Problem to work on>
Only text belongs in your copy of the listing below; reproduce it exactly and leave out the pictures.

Available data>

______________________________

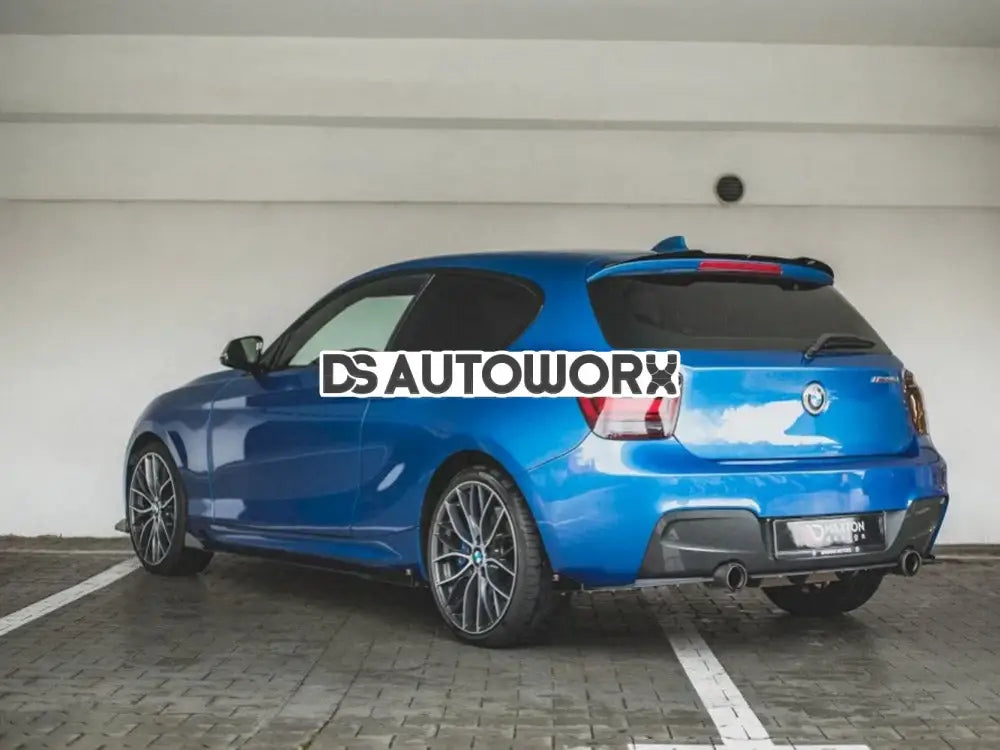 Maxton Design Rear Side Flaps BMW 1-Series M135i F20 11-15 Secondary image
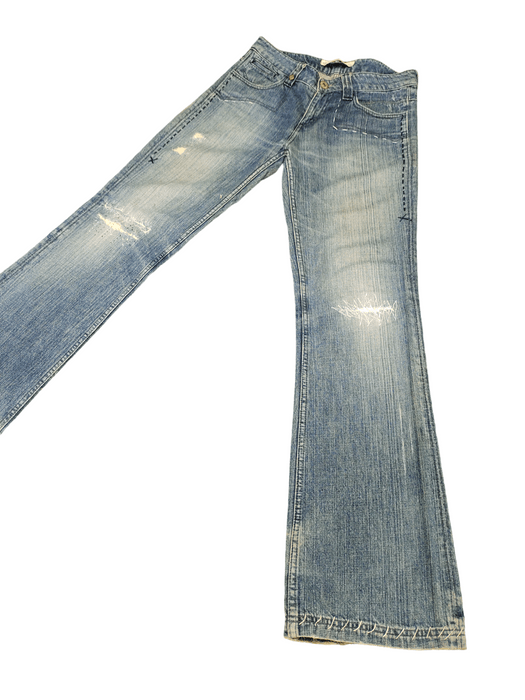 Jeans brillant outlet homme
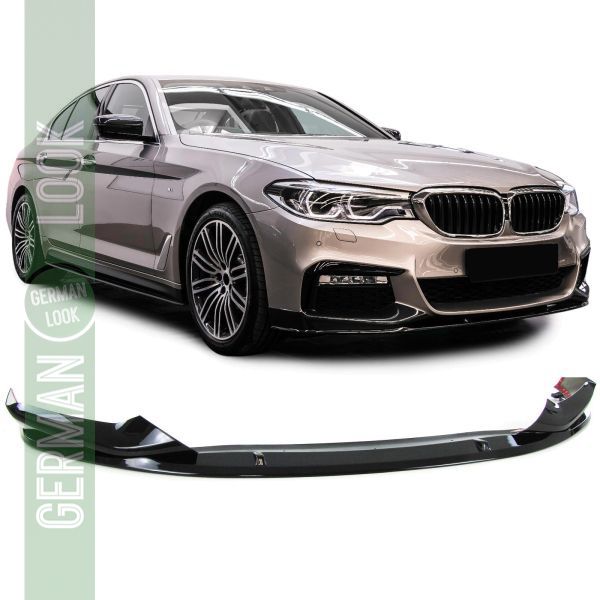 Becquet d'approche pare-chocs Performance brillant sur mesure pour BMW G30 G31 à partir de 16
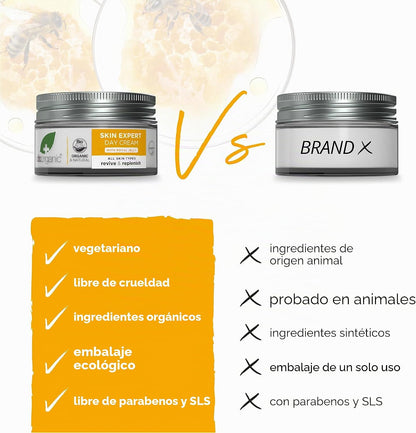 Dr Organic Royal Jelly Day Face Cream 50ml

______________________________

Problem solution>
 Maxton Design Rear Side Flaps BMW 1-Series M135i F20 11-15 Secondary image
 Jeans brillant outlet homme
 Becquet d'approche pare-chocs Performance brillant sur mesure pour BMW G30 G31 à partir de 16
 Dr Organic Royal Jelly Day Face Cream 50ml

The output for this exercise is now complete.